Jakub Mensik ha battuto Djokovic, ha vinto il primo titolo ATP e ha lanciato la Next-Next-Gen del tennis

Il primo titolo ATP di un giocatore nato nel 2005 segna l'inizio di una nuova storia: quella dei talenti teenager che vogliono insidiare il dominio di Sinner.
di Redazione Undici 31 Marzo 2025 alle 15:00

Al termine della giornata più incredibile della sua giovane carriera e della sua giovane vita, cioè dopo aver battuto Novak Djokovic e dopo aver conquistato il suo primo titolo ATP, Jakub Mensik ha raccontato che la sua avventura a Miami sarebbe potuta finire prima ancora di cominciare. Anzi, in realtà era davvero finita, poi però è successo qualcosa di non preventivabile: «Eravamo a pochi minuti dall’inizio della prima partita», ha raccontato Mensik, «e avevo in mano il documento in cui c’era scritto che mi sarei ritirato dal torneo. Avevo un gran dolore al ginocchio, non avrei mai potuto giocare. Stavo per consegnarlo all’arbitro, solo che lui stava pranzando. A quel punto ho aspettato per darglielo, non volevo disturbare. In quel momento un fisioterapista del torneo di Miami mi ha fatto un trattamento particolare e mi sono sentito meglio. Si chiama Alejandro, è grazie a lui se oggi sono qui».

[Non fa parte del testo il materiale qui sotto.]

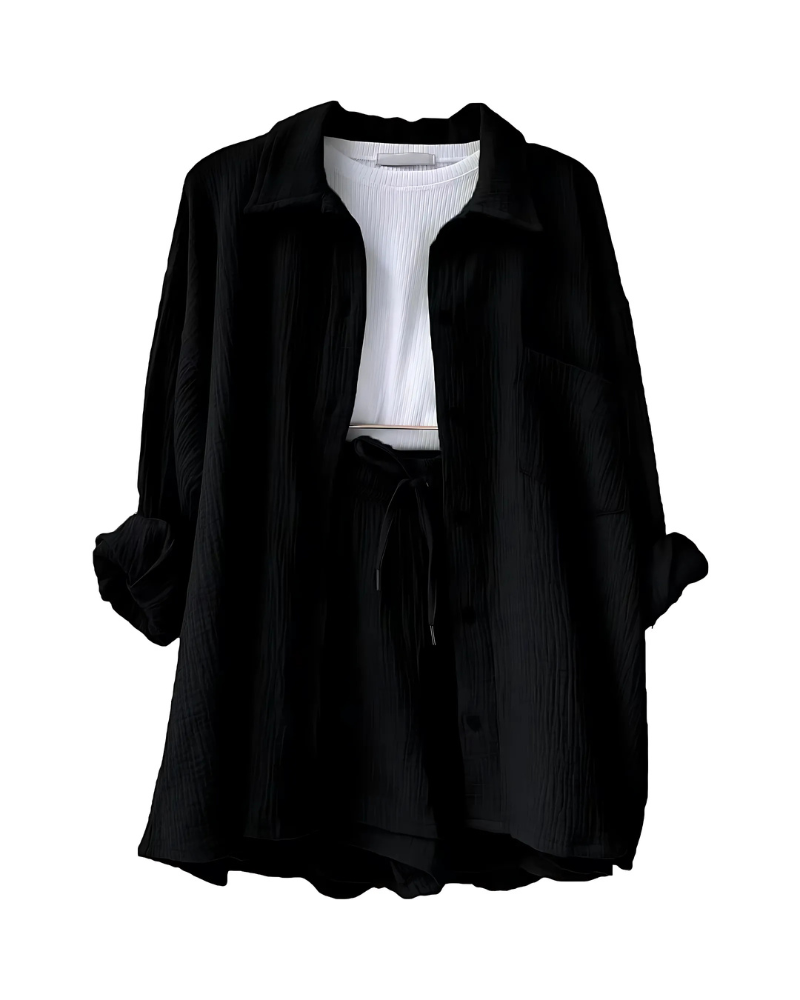 Lunara – Cotton Two-Piece Button-Up Set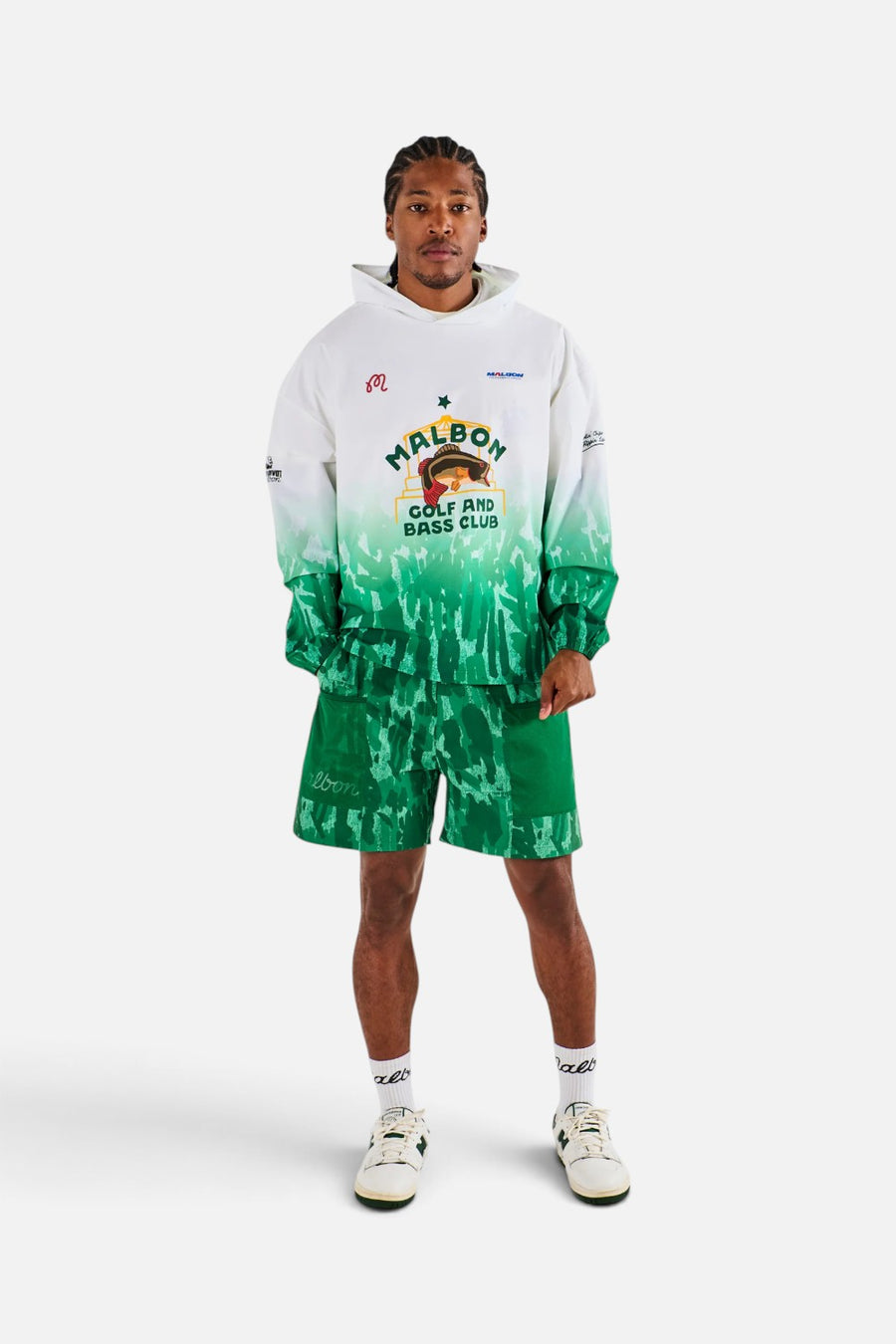 Malbon Golf Sponsors Pullover Jacket in Divot Camo Jungle Gradient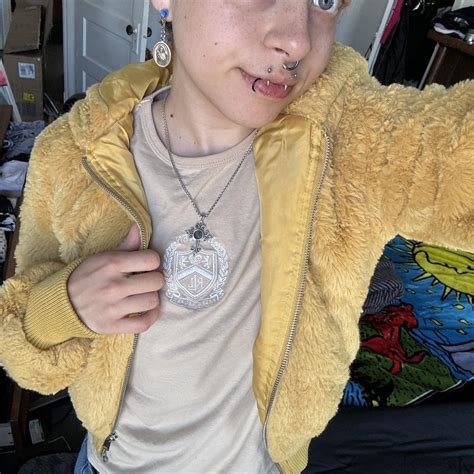 cute fluffy yellow cropped jacket - Depop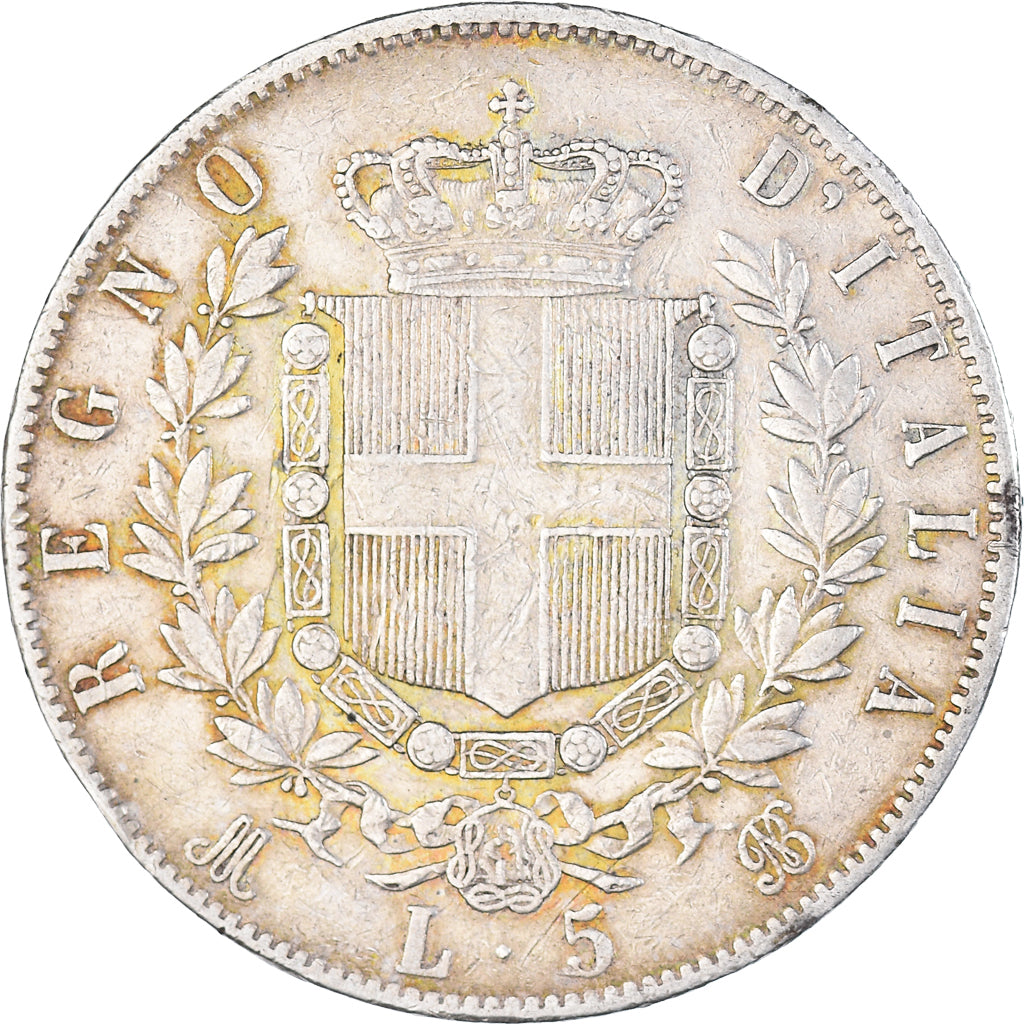 Coin, Italy, Vittorio Emanuele II, 5 Lire, 1872, Milan, EF(40-45), Silver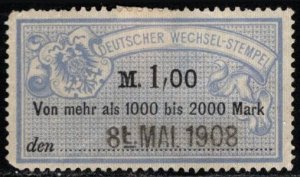 1900 Germany Revenue 1 Mark Bill of Exchange Used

È chiaro, lo dice la storia dello sport: il talento e il lavoro in allenamento sono fondamentali per raggiungere grandi risultati. Però spesso è anche una questione di contingenze, di incastri fortunati, di fisioterapisti che si trovano nel posto giusto al momento giusto. Nel caso di Mensik, questo signor Alejandro ha dato il via a una storia incredibile: quello del primo giocatore nato nel 2005 a raggiungere – e poi a vincere, naturalmente – una finale ATP, quella del primo giocatore ceco che conquista un 1000 dai tempi di Berdych, quella di un rookie che batte il suo idolo Djokovic in finale, per altro togliendogli il gusto del titolo numero 100 in carriera.

Ci sarebbero tanti altri numeri da snocciolare, tanti altri record da raccontare, ma il punto più interessante è che ci troviamo di fronte al primo successo di un tennista nato due-anni-due dopo Carlos Alcaraz, cioè mentre Djokovic affrontava la sua primissima avventura agli US Open. E se poche settimane fa eravamo qui a celebrare – giustamente – il talento brillantissimo di João Fonseca, forse allora stiamo davvero accorciando i tempi come mai prima d’ora, nel senso che siamo già nell’era tennistica della Next-Next-Gen. Certo, vincendo a Miami Mensik ha dimostrato di essere un giocatore già più solido e affidabile rispetto a Fonseca, il suo modo di affrontare i game e i tie-break decisivi – due contro Draper, uno contro Fils, due contro Fritz, due contro Djokovic – evidenzia una mentalità di primo livello, oltre che una grande varietà in tutti gli aspetti del gioco. A pensarci bene, però, Fonseca è un 2006 (!) e quindi ha ancora un anno di tempo per mettersi di fianco a Mensik, per accendere una reale concorrenza alle spalle di Jannik Sinner. Nell’attesa, ovviamente, che Carlos Alcaraz ritorni a essere il campione che prometteva di essere, che può ancora essere.

Ecco, appunto, proprio Alcaraz: nel 2022, lo spagnolo conquistò il suo primo titolo proprio a Miami, aveva 18 anni (uno in meno rispetto a quanti ne ha Mensik) e sembrava che la sua storia – quella di un talento precocissimo in grado di sbranare il tennis fin dagli esordi – fosse destinato a rimanere un exploit isolato. Negli ultimi anni, al netto del suo calo e del sorpasso di Sinner, è invece venuta fuori una generazione di giocatori in grado di confermare quel trend, come se il tennis stesse seguendo la stessa identica parabola del calcio – uno sport in cui l’età media dell’esplosione ai massimi livelli si fa sempre più bassa.

È chiaro che Sinner – anche da “assente giustificato” – continui a sembrare irraggiungibile, ma bisogna ricordare che il numero uno del mondo non ha ancora compiuto 24 anni. E che dietro di lui, da Mensik e Fonseca, si sta iniziando a formare una falange di opposizione composta da giocatori che hanno tre, quattro o anche cinque anni meno di lui (aggiungiamo anche i nomi di Fils e di di Rune). Come dire: la fine dell’era di Federer-Djokovic-Nadal ci ha teletrasportati in un tennis mai così giovane, mai così vario e perciò divertentissimo.